The first book of the year is Biggest Elvis by P.F. Kluge. I bought this at a used book store a couple of years ago at one end or another of a long trip, and it never quite managed to get read. Given that it's about a trio of Elvis impersonators, how did that manage to happen? The conceit is actually the thing that's the most fun: the book shifts around between POVs, many of them belonging to the three Elvises, whose act chronicles the rise and fall of the King. There's Baby Elvis, who sings the earliest stuff; Dude Elvis, the jaded movie star; and Biggest Elvis, the culimination. Baby Elvis and Dude Elvis are brothers born in West Virginia and raised in Guam; Biggest Elvis is a washed-up English professor named Ward Wiggins, and somehow their act becomes this happening at a come-and-go club in Olangapo, the Philippines.

To be truly honest, I'm not sure how to approach most of what I read about the Philippines and the Pacific here. Obviously colonialism and the American military were a huge feature, and Kluge paints a very vivid picture of how the presence of an American military base affects the island. The book... hmm. It doesn't seem to have much focus, plot-wise: it meanders throughout, and the fourth and fifth act kind of spiralled out of control, despite having some heart-wrenching situations with very sympathetic characters. We hear a lot about (and from) the Filipina women, and how they survive and suffer and support each other (or don't). We hear a lot about contract workers, and how they're perceived and treated. One of the POVs is a Catholic priest, who's an interesting, complicated guy. I wish I could offer actual intelligent commentary, but truly, I don't feel like I'm even close to leaving the "listen until you have something to add" point, and I have a lot more listening to do. It's a book that takes on a lot of problematic perspectives and events, and I don't have the history to know more than that I'm unsettled.

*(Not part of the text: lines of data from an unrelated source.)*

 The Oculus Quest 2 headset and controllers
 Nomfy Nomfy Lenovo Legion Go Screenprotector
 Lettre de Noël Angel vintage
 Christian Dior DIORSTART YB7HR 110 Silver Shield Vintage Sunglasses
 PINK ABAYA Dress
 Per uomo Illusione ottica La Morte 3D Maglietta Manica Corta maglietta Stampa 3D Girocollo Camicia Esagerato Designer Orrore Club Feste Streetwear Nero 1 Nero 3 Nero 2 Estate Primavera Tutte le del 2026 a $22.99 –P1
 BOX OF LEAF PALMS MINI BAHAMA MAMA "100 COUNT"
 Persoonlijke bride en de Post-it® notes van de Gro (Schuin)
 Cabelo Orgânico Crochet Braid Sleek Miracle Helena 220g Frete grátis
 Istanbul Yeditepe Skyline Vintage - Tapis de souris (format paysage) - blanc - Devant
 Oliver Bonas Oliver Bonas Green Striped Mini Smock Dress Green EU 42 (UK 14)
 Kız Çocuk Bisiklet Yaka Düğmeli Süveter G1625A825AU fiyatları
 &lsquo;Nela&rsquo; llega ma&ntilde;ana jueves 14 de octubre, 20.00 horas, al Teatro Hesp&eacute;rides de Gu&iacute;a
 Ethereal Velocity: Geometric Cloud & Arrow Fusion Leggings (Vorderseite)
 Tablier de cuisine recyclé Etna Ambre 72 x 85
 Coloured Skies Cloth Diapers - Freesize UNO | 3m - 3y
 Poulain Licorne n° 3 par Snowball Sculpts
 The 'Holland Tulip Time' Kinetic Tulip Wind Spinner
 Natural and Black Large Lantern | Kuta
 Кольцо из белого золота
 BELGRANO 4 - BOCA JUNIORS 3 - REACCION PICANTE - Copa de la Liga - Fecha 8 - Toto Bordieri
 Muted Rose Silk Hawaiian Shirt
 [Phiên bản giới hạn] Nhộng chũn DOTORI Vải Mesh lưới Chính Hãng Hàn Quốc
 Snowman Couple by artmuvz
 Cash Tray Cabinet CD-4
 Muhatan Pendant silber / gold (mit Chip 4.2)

(Really, though, the book's problem as a book is that it's all over the place. I do know that much. I was definitely invested in the characters, though, so it had that going for it.)

Next up is 1491: New Revelations of the Americas Before Columbus, which I also imagine won't be a clearcut topic. I started it on the train this morning, though, and it seems very conscientious of the complexity of what it's attempting. We'll see!